Rating Rationale
February 21, 2020 | Mumbai
Manipur Tea Co. Private Limited
Rating upgraded to 'CRISIL B-/Stable'
 
Rating Action
Total Bank Loan Facilities Rated Rs.6.34 Crore
Long Term Rating CRISIL B-/Stable (Upgraded from 'CRISIL C')
1 crore = 10 million
Refer to annexure for Details of Instruments & Bank Facilities
Detailed Rationale

CRISIL has upgraded its rating on the long-term bank facilities of Manipur Tea Co. Private Limited (Manipur Tea; part of the Mantri group) to 'CRISIL B-/Stable' from 'CRISIL C'. The upgrade has been driven by improved operating efficiency of the company because of better operating profitability.
 
CRISIL's rating reflects the group's exposure to seasonality of tea production, high operating leverage, and weak financial risk profile. These weaknesses are partially offset by the extensive experience of the promoters in the tea industry.

Analytical Approach

For arriving at its rating, CRISIL has combined the business and financial risk profiles of Manipur Tea, Mantri Tea Co. Pvt Ltd (MTCPL), Derby Plantation Pvt Ltd (DPPL), and Ruttonpore Plantations Pvt Ltd (RPPL) collectively referred to as the Mantri group.

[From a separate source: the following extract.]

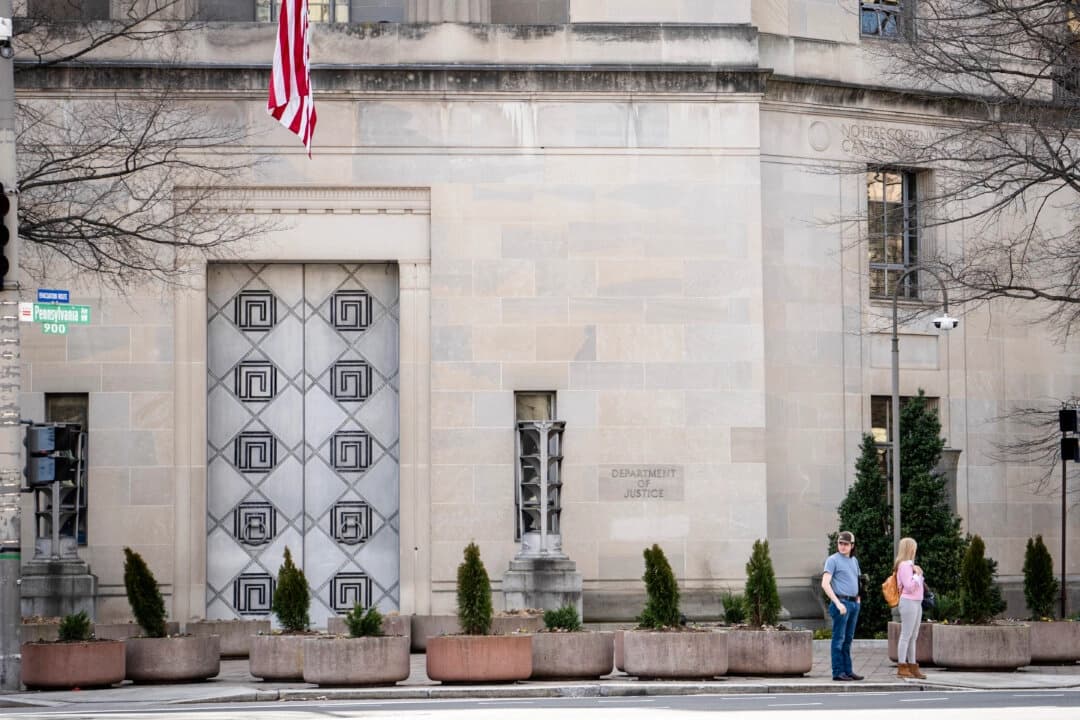 El Departamento de Justicia en Washington el 10 de marzo de 2025. (Madalina Vasiliu/The Epoch Times)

This is because these entities have a common management, and are in the same line of business, with operational and financial linkages.
 
Unsecured loans have been treated as debt.

Please refer Annexure - List of entities consolidated, which captures the list of entities considered and their analytical treatment of consolidation.

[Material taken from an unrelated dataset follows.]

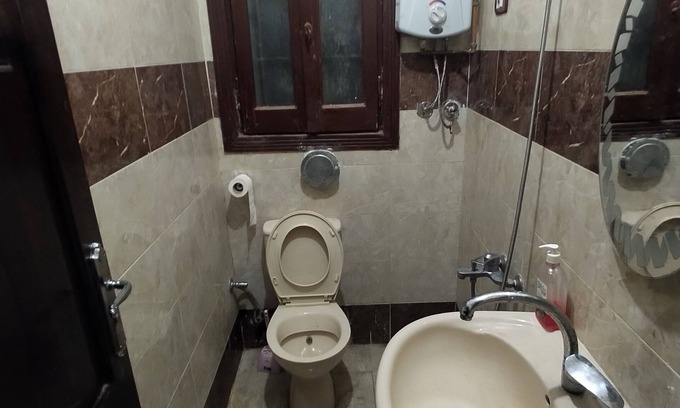 Port al-Basal Bed & Breakfast | Affordable 4-single beds hostel in the middle of Alexandria!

Key Rating Drivers & Detailed Description
Weakness:
* Exposure to seasonality of tea production and high operating leverage
Being a seasonal product, the production of tea depends on the monsoon and remains susceptible to adverse weather conditions. Tea plantations also incur fixed cost, with labour alone accounting for nearly 40% of total cost. If tea production is lower than expected, then the group could incur operating losses, as seen in the past. Limited pricing power further constrains the operating margin of small players like the Mantri group.
 
* Weak financial risk profile
The weak financial risk profile is reflected in below-average debt protection metrics. Interest coverage and net cash accrual to total debt ratios were minus 1.29 times and minus 0.02 time, respectively, for fiscal 2019. Gearing and networth were moderate at 2.13 times and Rs 19.43 crore, respectively, as on March 31, 2019.
 
Strength:
* Extensive experience of the promoters in the tea industry
The promoters have an experience of five decades in the tea plantation business, which has helped the group sustain its position, despite regular volatility in prices, and report stable revenue growth over the four fiscals through 2018.
Liquidity Stretched

* High bank limit utilisation:
Bank limit utilisation is high at 92.04% for the six months through September 2019.
 
* Cash accrual insufficient to meet debt obligation 
Cash accrual is expected to be over Rs 0.60 crore, which is insufficient against term debt obligation of Rs 1.00 crore over the medium term. The same is supported by unsecured loans from the promoters.
 
* Low current ratio:
Current ratio was low at 0.62 time as on March 31, 2019.
 
* Support from the promoters in the form of equity infusion or unsecured loans
The promoters are likely to extend support in the form of equity or unsecured loans to meet the company's working capital requirement and debt obligation.

Outlook: Stable

CRISIL believes that growth in revenue along with stable operating margin will lead to healthy financial risk profile. The outlook may be revised to 'Positive' if the firm reports significant revenue growth and healthy operating margin, and improves its financial risk profile. The outlook may be revised to 'Negative' in case of lower-than-expected growth in revenue, drop in profitability, or any large capital withdrawal, weakening the financial risk profile.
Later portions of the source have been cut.